Guest OS telemetry has multiple paths to get into the system.

  • The fastest way to alert on this data is to import it as custom metrics. Do this by using the Azure Diagnostics extension and then using a metric alert. However, custom metrics are currently in preview and are more expensive than other options.

  • The least expensive, but with some ingestion latency, is to send it to a Log Analytics workspace. Running the Log Analytics agent on the VM is the best way to get all guest operating system metric and log data into the workspace.

  • You can send it for storage as a metric and a log in Azure Monitor by running both the Azure Diagnostics extension and the Log Analytics agent on the same VM. You can then alert quicker, but also use the guest operating system data as part of more complex queries when you combine it with other telemetry.

Importing data from on-premises: If you're trying to query and monitor across machines running in Azure and on-premises, you can use the Log Analytics agent to collect guest operating system data. You can then use a feature called logs to metrics to collect and store as metrics in Azure Monitor. This method bypasses part of the ingestion process into Azure Monitor Logs, and the data is thus available sooner.

Minimize alerts

If you use a solution such as Azure Monitor for VMs and find the default health criteria that monitors performance utilization acceptable, don't create overlapping metric or log query alerts based on the same performance counters.

If you aren't using Azure Monitor for VMs, make the job of creating alerts and managing notifications easier by exploring the following features:

Note

These features apply only to metric alerts, alerts based on data that's being sent to the Azure Monitor metric database. The features don't apply to the other types of alerts. As mentioned previously, the primary objective of metric alerts is speed. If getting an alert in less than five minutes isn't of primary concern, you can use a log query alert instead.

  • Dynamic thresholds: Dynamic thresholds look at the activity of the resource over a time period, and create upper and lower "normal behavior" thresholds. When the metric being monitored falls outside of these thresholds, you get an alert.

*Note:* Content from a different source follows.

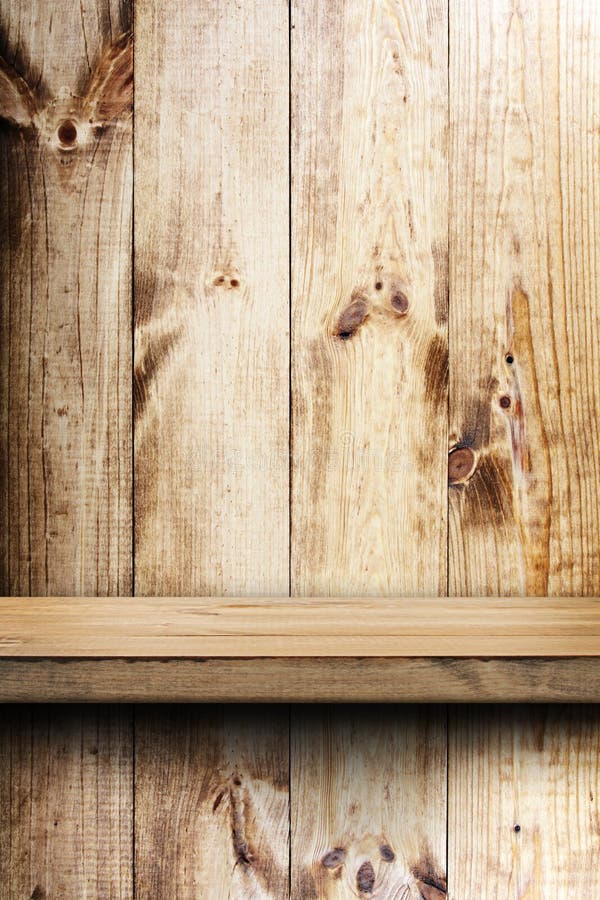 Empty Shelf On White Brick Wall Stock Photo Image of room, ancient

  • Multisignal alerts: You can create a metric alert that uses the combination of two different inputs from two different resource types. For example, if you want to fire an alert when the CPU utilization of a VM is over 90 percent, and the number of messages in a certain Azure Service Bus queue feeding that VM exceeds a certain amount, you can do so without creating a log query. This feature works for only two signals. If you have a more complex query, feed your metric data into the Log Analytics workspace, and use a log query.

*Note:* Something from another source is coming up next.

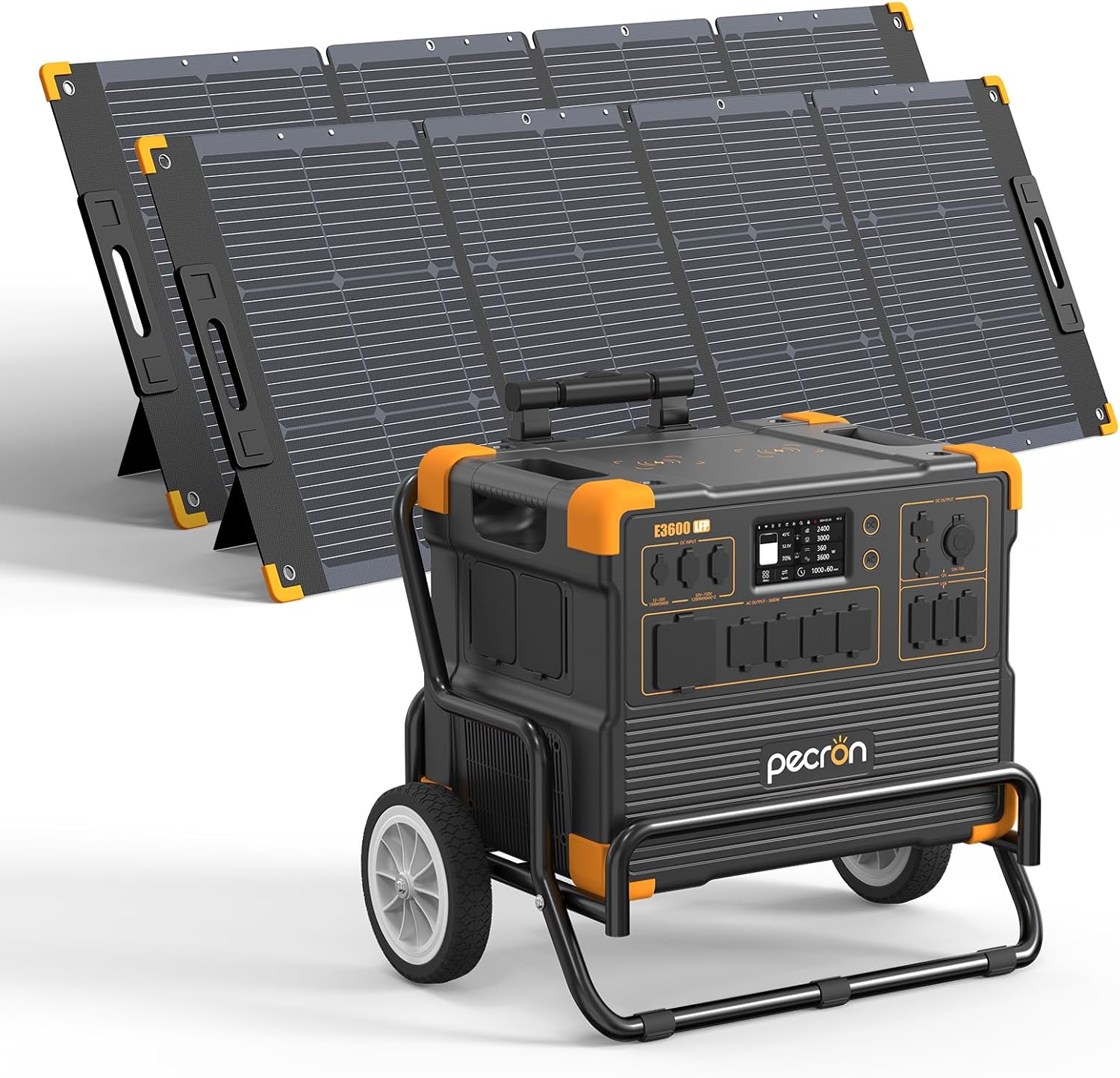 Ultimate Solar Power Kit by Pecron 15.36KWh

  • Multiresource alerts: Azure Monitor allows a single metric alert rule that applies to all VM resources. This feature can save you time because you don't need to create individual alerts for each VM. Pricing for this type of alert is the same. Whether you create 50 alerts for monitoring CPU utilization for 50 VMs, or one alert that monitors CPU utilization for all 50 VMs, it costs you the same amount. You can use these types of alerts in combination with dynamic thresholds as well.

Used together, these features can save time by minimizing alert notifications and the management of the underlying alerts.

Limits on alerts

Be sure to note the limits on the number of alerts you can create. Some limits (but not all of them) can be increased by calling support.

Best query experience

If you're looking for trends across all your data, it makes sense to import all your data into Azure Monitor Logs, unless it's already in Application Insights. You can create queries across both workspaces, so there's no need to move data between them. You can also import activity log and Azure Service Health data into your Log Analytics workspace. You pay for this ingestion and storage, but you get all your data in one place for analysis and querying. This approach also gives you the ability to create complex query conditions and alert on them.